À l’époque déjà, les mêmes forces que celles qui opèrent aujourd’hui à l’est de la RDC ont tenté d’arracher cette partie de l’est du territoire national à la République Démocratique du Congo. C’est ce que les Paul Kagamé et ses acolytes, le pouvoir-os en place à Kinshasa et ses agents, notamment les généraux Bonane et Rugahi, deux militaires étiquetés FARDC, mais d’origine ex-CNDP, le colonel Kitoko, également FARDC mais d’origine ex-CNDP (CNDP = Paul Kagamé, Kabila, CIA), SAPERITA (ancien chef des Mai-mai Vurondo), le Gouverneur de Province du Nord-Kivu, Julien PALUKU KAGHONGYA, n’intègrent pas dans leur calcul. Nous sommes en 1964 quand la guerre de Kamanyola éclate. Et de cette guerre, un nom et un homme émergent de l’ombre. Il s’agit du général Mulamba Nyuni qui, plus tard, sera surnommé par ses militaires l’homme de Bukavu. Le Kivu fut pilonné par des avions militaires pilotés par des mercenaires à la solde de la CIA. Et on peut s’interroger pour qui Bob Denard et Jean Schramme travaillaient. Des requins vous mangeront crûs et ce à la première occasion. Le principe est simple dans ce marigot.

Nous sommes à Kinshasa, le 17 mai 1997, des jeunes congolais appelés Kadogo accompagnent l’AFDL, c’est-à-dire le Rwanda, l’Ouganda et autres à travers toute la République Démocratique du Congo. L’AFDL prend le contrôle du pays. L’un de ses commandants, en la personne de Masasu Nindaga, le recruteur et formateur de ceux qui furent baptisés les Kadogo, sera assassiné au Katanga. De son assassinat, presque tout le monde en sait quelque chose essentiellement parmi ceux qui sont venus avec l’AFDL. Et bien que tout le monde collabore aujourd’hui, on connaît la main de qui a ordonné la mort de Masasu, sous les ordres de qui son meurtre fut exécuté. À sa mort, il y eût une tentative de résistance des jeunes militaires Kadogo. Des coups de feu retentirent sur l’ensemble du territoire de la commune de la Gombe à Kinshasa même. La plupart des Kadogo seront physiquement liquidés. Et comme conséquence, la région du Kivu, qui avait pourtant accompagné l’AFDL, fut écartée du pouvoir-os, de la gestion du pays. Ce ne fut que le commencent de ce qui se poursuivra par la suite, et que nous déplorons tous, notamment le viol de nos mères, de nos femmes, de nos enfants, de nos jeunes, le nombre de morts, les tueries de tout et les guerres successives. Quelle histoire et quel pacte ? Qui le dira un jour ?

Mais, et à notre grande surprise, tout semble se conjuguer au passé. Des Congolais vivent et repartent comme si le passé n’a jamais existé. Et beaucoup se montrent même incapables d’en tirer des leçons. Je me dis bon Dieu, mais bon Dieu, je m’interroge soki oyo ezali kolaka te… alors que de tout cela personne n’en parle… Personne n’ose dire mot. Ils parlent de tout sauf de l’essentiel, sauf de ce qui peut aider notre jeunesse à prendre conscience, à se mobiliser pour ce qui nous reste de faire à la montée des périls…

Bon et après tout, chacun est libre.

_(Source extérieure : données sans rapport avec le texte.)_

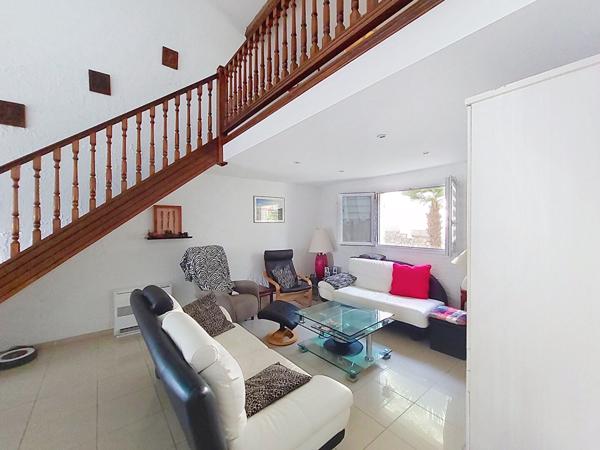 Villa La Seyne Sur Mer de 8 pièces de 221 m² avec piscine et garage sur un terrain de 886 m2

Vous faites ce que vous savez faire le mieux, vous compromettre, vendre ce pays, humilier ce peuple, mais nous allons, et ce avec ce même peuple, récupérer l’est et la RD-Congo par le feu et par notre sang. C’est une question de choix. Et c’est comme quand James Baldwin intitule son livre: “La prochaine foi, le feu”. Quel est le choix quand Ils nous en laissent aucun.